[Captioned web image data]
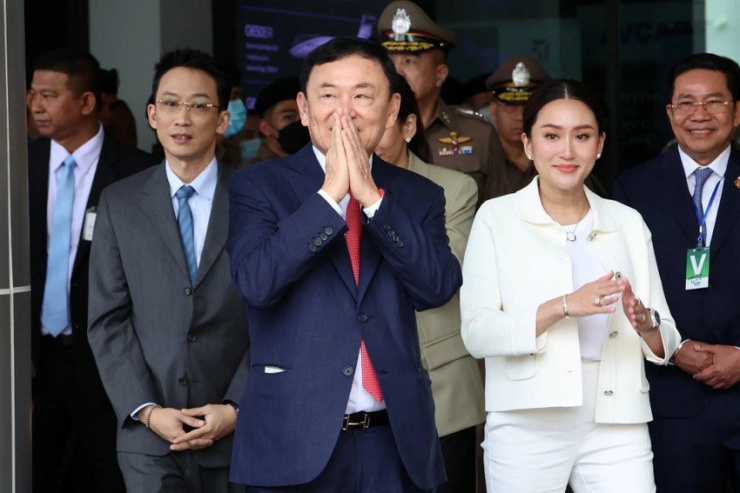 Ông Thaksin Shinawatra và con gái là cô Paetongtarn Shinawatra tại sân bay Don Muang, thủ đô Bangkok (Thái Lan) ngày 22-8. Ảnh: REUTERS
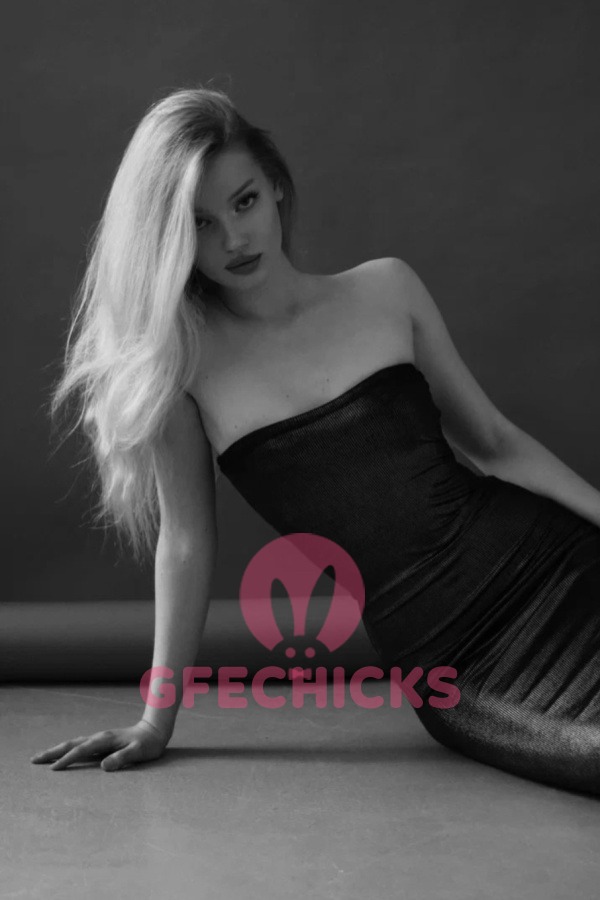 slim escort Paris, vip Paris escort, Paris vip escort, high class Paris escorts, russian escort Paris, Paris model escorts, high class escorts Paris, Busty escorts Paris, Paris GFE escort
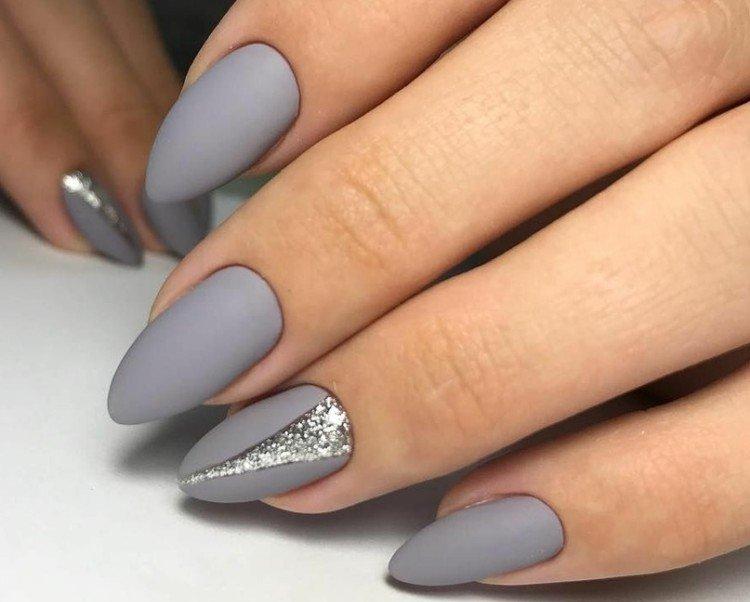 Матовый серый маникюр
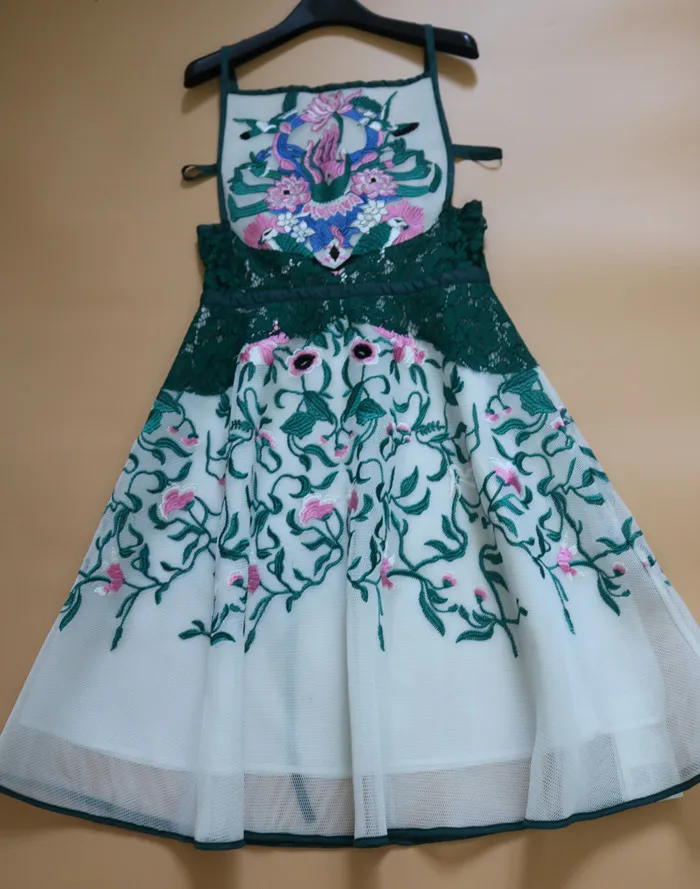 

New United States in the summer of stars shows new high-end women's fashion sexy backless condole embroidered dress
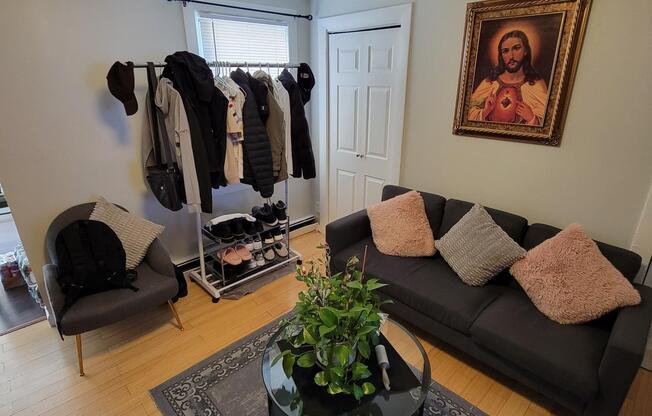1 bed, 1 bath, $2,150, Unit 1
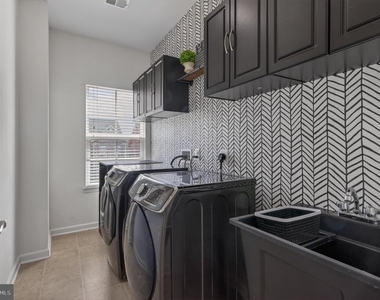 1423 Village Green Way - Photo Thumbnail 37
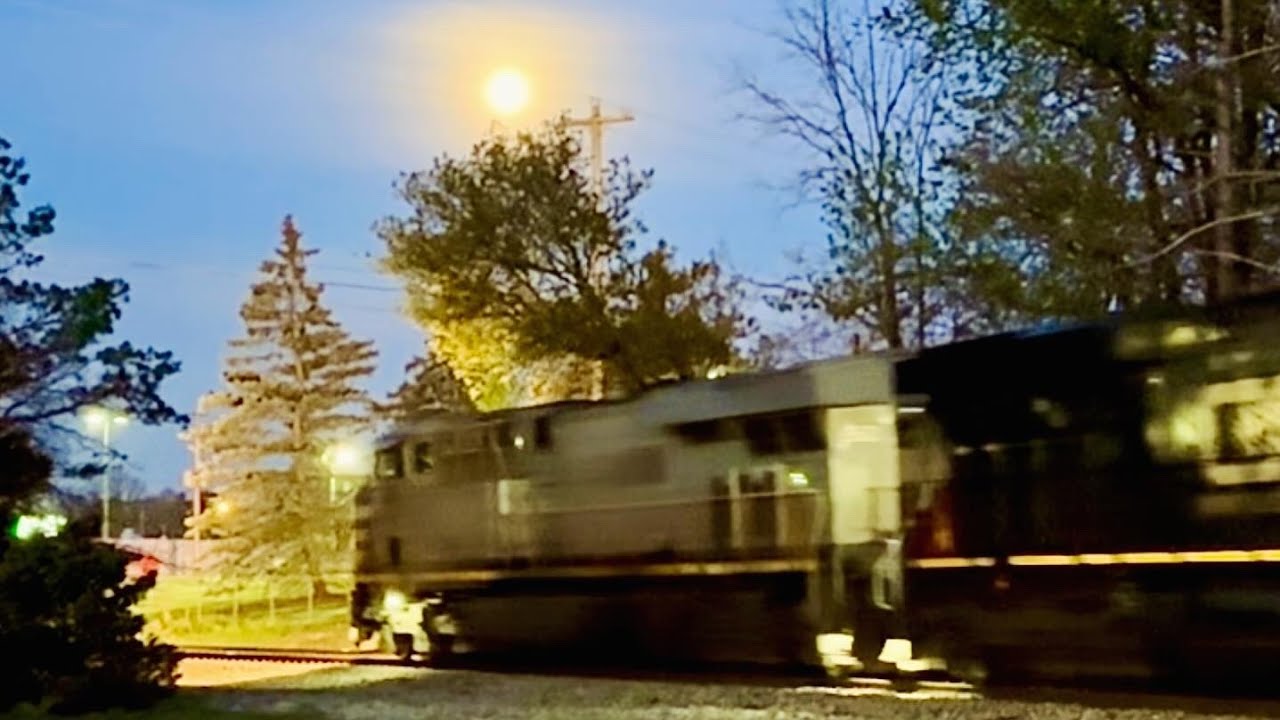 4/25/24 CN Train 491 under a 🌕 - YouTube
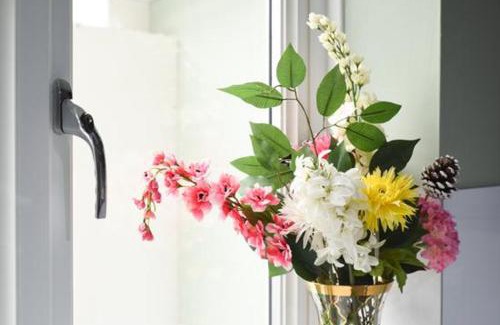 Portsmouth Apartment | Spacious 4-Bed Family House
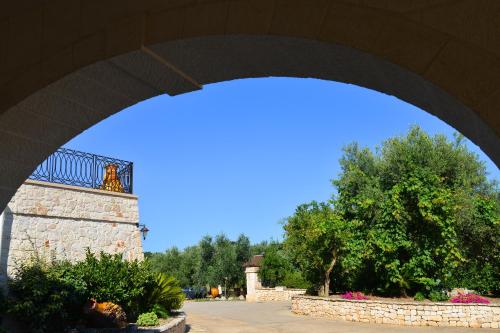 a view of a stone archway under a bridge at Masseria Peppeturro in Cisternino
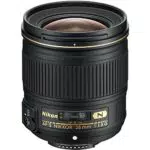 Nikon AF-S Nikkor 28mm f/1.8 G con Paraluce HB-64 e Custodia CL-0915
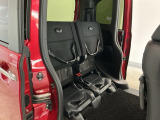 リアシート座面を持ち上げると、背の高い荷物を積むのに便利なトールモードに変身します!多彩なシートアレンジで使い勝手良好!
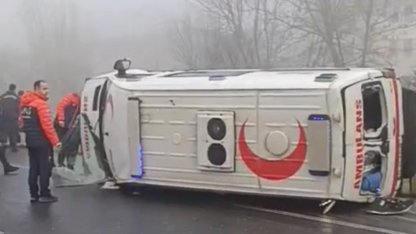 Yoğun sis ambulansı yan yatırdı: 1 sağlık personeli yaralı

ASSIGNMENT ->
Output the entries above exactly as given, but strip out the pictures.

YOUR SOLUTION ->
 Ông Thaksin Shinawatra và con gái là cô Paetongtarn Shinawatra tại sân bay Don Muang, thủ đô Bangkok (Thái Lan) ngày 22-8. Ảnh: REUTERS
 slim escort Paris, vip Paris escort, Paris vip escort, high class Paris escorts, russian escort Paris, Paris model escorts, high class escorts Paris, Busty escorts Paris, Paris GFE escort
 Матовый серый маникюр

New United States in the summer of stars shows new high-end women's fashion sexy backless condole embroidered dress
1 bed, 1 bath, $2,150, Unit 1
 1423 Village Green Way - Photo Thumbnail 37
 4/25/24 CN Train 491 under a 🌕 - YouTube
 Portsmouth Apartment | Spacious 4-Bed Family House
 a view of a stone archway under a bridge at Masseria Peppeturro in Cisternino
 Nikon AF-S Nikkor 28mm f/1.8 G con Paraluce HB-64 e Custodia CL-0915
 リアシート座面を持ち上げると、背の高い荷物を積むのに便利なトールモードに変身します!多彩なシートアレンジで使い勝手良好!
 Yoğun sis ambulansı yan yatırdı: 1 sağlık personeli yaralı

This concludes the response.